貨物列車はペットボトルや宅配便、書籍など道民の生活に欠かせない物資を運んでくる一方、道内から集まるタマネギやジャガイモ、食料工業品を本州に向けて送り出している。
札幌ドーム10個分に相当するこの広大な物流拠点が「無用の長物」になるかもしれない。
■バス転換やむなし
札幌発着の貨物列車は、北海道の「玄関口」である道南のJR函館線を通り、本州との間を行き来する。要所である函館-長万部間の路線が、廃線の瀬戸際に立たされているのだ。
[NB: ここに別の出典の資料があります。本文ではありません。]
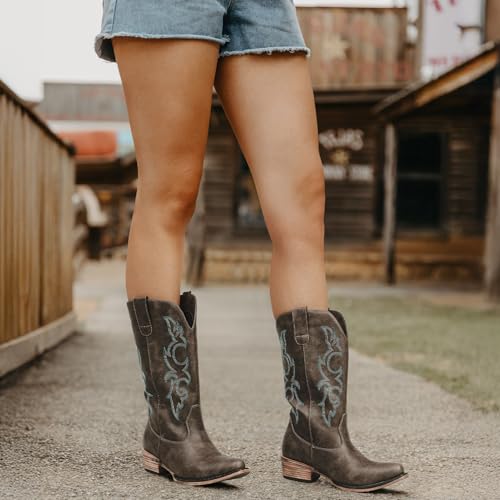 Choiran Brown Cowboy Boots for Women - Embroidered Cowgirl Carter Outfits Boots Western Mid Calf Cowboy Carter Fashion Chunky Heel Pointed Toe Country Boot 8 - Image 2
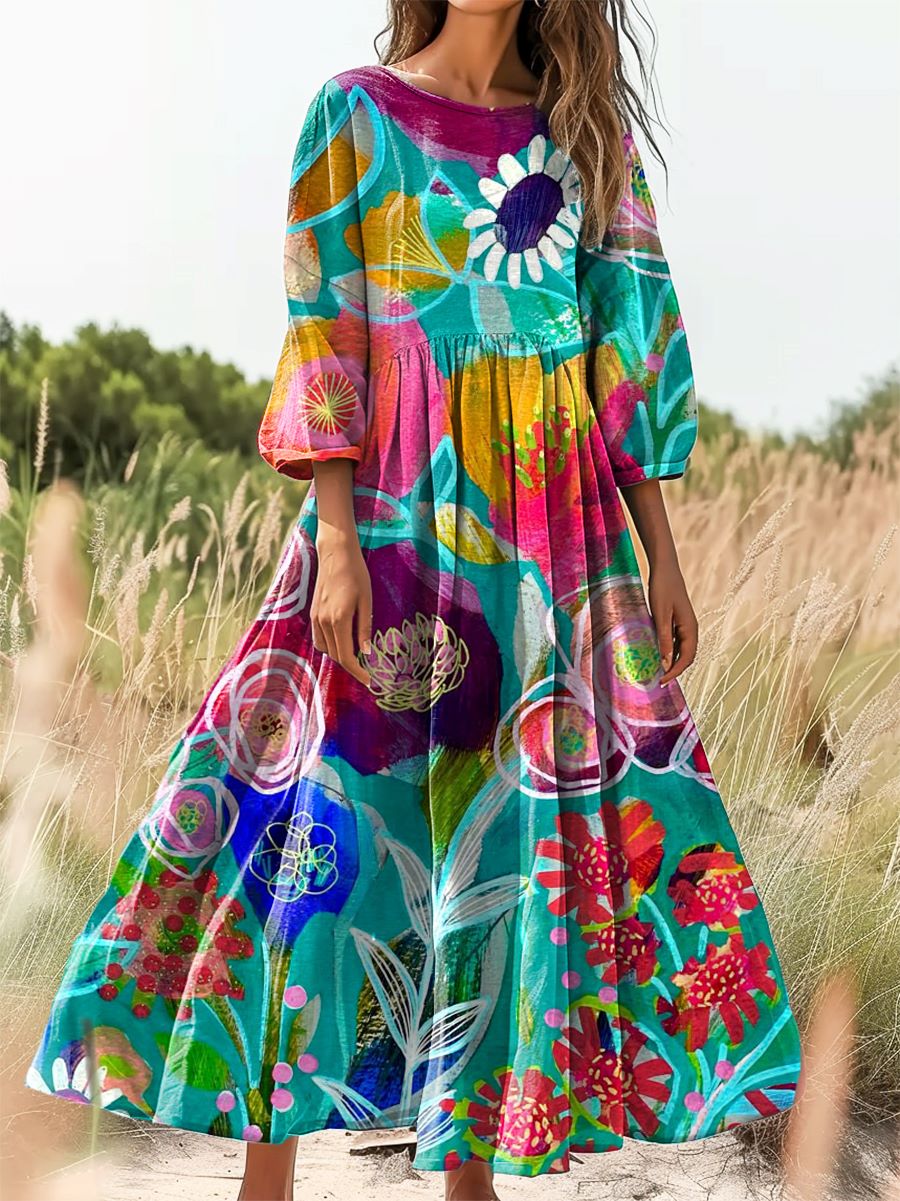 Women's Floral Art Print Cotton Crew Neck Dress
物流の大動脈が危機に直面するのは、貨物が走る旅客線の存廃問題がからんでいる。
2016年に新函館北斗-新青森間で開業した北海道新幹線は、30年度末に札幌まで延びる予定だ。延伸区間と並行して走る函館線は、函館-小樽間約288キロがJR北海道から分離され、存続するか廃止するかは北海道と沿線市町の協議にゆだねられている。
地元の話し合いは10年に及び、今年3月、長万部-小樽間約140キロの廃線・バス転換が固まった。残る函館-長万部間約148キロは8月31日、沿線7市町による協議が約1年4カ月ぶりに再開された。